YOGYAKARTA,MENITINI.COM– Untuk mendukung upaya pengelolaan sampah yang akan menjadi salah satu program prioritas 2023, Pemerintah Kota Yogyakarta akan menggunakan dana keistimewaan (danais).
“Dana keistimewaan tidak akan langsung digunakan untuk penanganan atau pengelolaan sampah, tetapi lebih diarahkan untuk menumbuhkan budaya bersih di masyarakat,” kata Penjabat Wali Kota Yogyakarta Sumadi di Yogyakarta, Selasa (30/11/2022) seperti dikutip Berita ANTARA.
Melansir ANTARA, pada tahun anggaran 2023, Pemerintah Kota Yogyakarta akan mengelola bantuan keuangan khusus (BKK) dana keistimewaan sebesar Rp97,9 miliar atau naik signifikan dibanding tahun ini sebesar Rp44,6 miliar. Nilai dana keistimewaan yang akan dikelola Kota Yogyakarta pada tahun depan bahkan menjadi yang tertinggi dibanding kabupaten lain di DIY yaitu, Kulon Progo Rp92,2 miliar; Sleman Rp71,6 miliar; Gunungkidul Rp61,7 miliar; dan Bantul Rp52,2 miliar.
Sesuai nomenklatur, dana keistimewaan tersebut ditujukan untuk menopang kegiatan yang menyangkut keistimewaan seperti urusan budaya, tata ruang, pariwisata, dan pendidikan.
“Termasuk untuk menumbuhkan ekonomi agar masyarakat kembali bangkit pascapandemi.
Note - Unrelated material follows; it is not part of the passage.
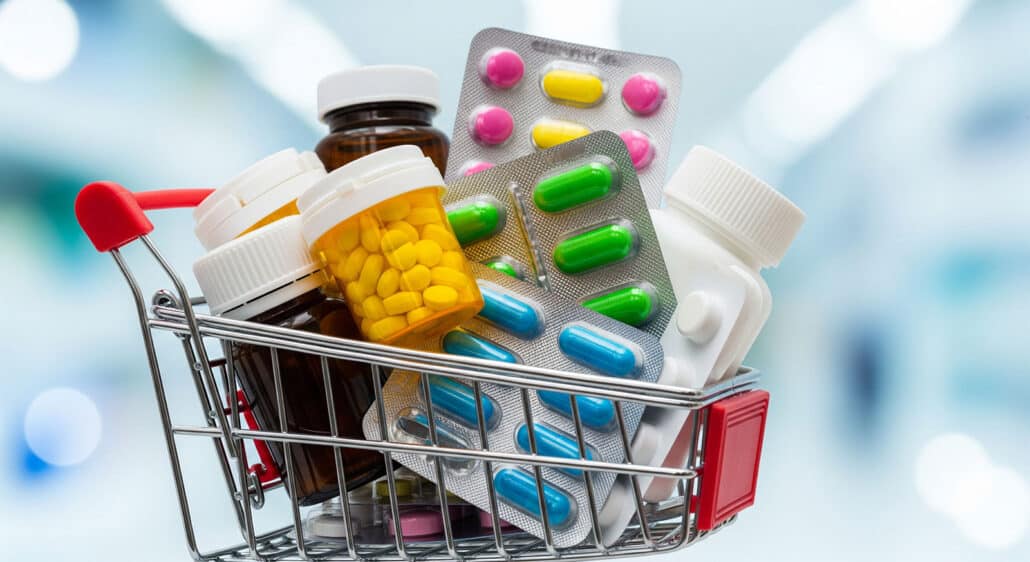 cost of drug rehab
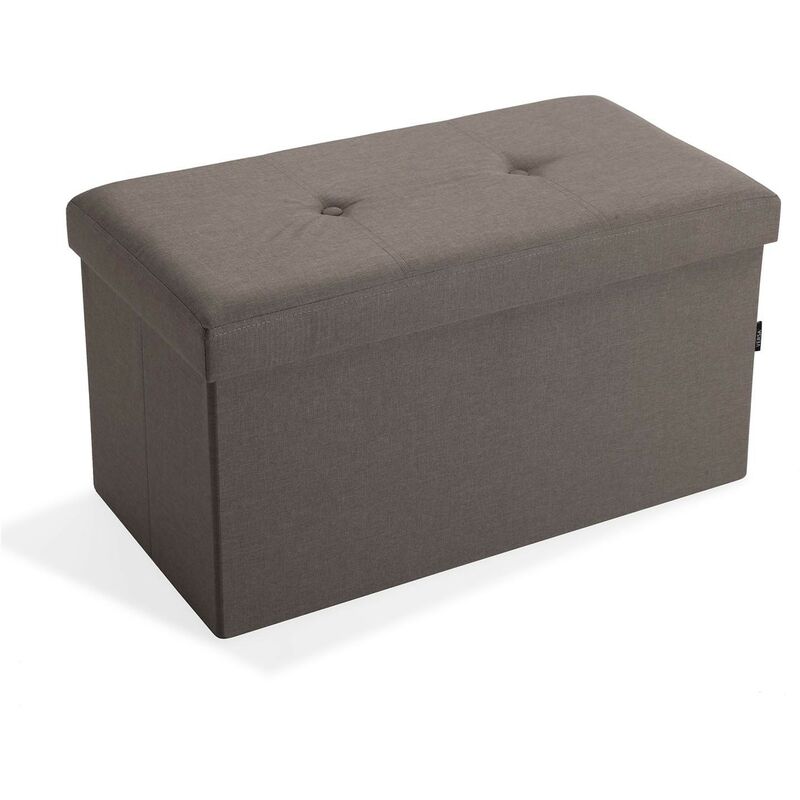 

Zapatero Gris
Serta untuk mendukung pengelolaan sampah dengan program yang mampu menumbuhkan budaya bersih di masyarakat,” katanya.
Dengan tumbuhnya budaya bersih di masyarakat, Sumadi berharap, program Pemerintah Kota Yogyakarta untuk mewujudkan zero sampah anorganik pada 2023 bisa tercapai.
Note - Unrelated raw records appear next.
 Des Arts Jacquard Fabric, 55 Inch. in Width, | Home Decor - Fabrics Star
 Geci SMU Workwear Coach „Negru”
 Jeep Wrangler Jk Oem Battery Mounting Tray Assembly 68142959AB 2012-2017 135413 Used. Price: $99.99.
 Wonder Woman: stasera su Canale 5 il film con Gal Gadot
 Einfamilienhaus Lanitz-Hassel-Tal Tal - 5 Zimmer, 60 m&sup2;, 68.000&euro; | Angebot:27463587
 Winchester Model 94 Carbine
“Bagaimanapun juga, keberhasilan program zero sampah anorganik tersebut sangat tergantung pada perubahan budaya di masyarakat dari semula hanya membuang sampah menjadi mengelola sampah sejak dari sumbernya,” kata Sumadi.
Perubahan budaya di masyarakat tersebut dapat dilakukan dengan program edukasi dan sosialisasi terus menerus ke masyarakat.
Kelompok masyarakat yang diwajibkan mengelola sampah sejak dari sumbernya bukan hanya rumah tangga tetapi juga perkantoran, pelaku usaha, dan kelompok lain yang menghasilkan sampah.
Selain zero sampah anorganik, Kota Yogyakarta juga bertekad untuk mengurangi volume sampah organik yang dibuang ke Tempat Pembuangan Akhir (TPA) Piyungan pada tahun depan. Pengelolaan sampah organik diarahkan dengan pembuatan biopori berbasis rumah tangga.
“Harapannya, budaya masyarakat mengelola sampah terus tumbuh sehingga target bisa diwujudkan,” katanya.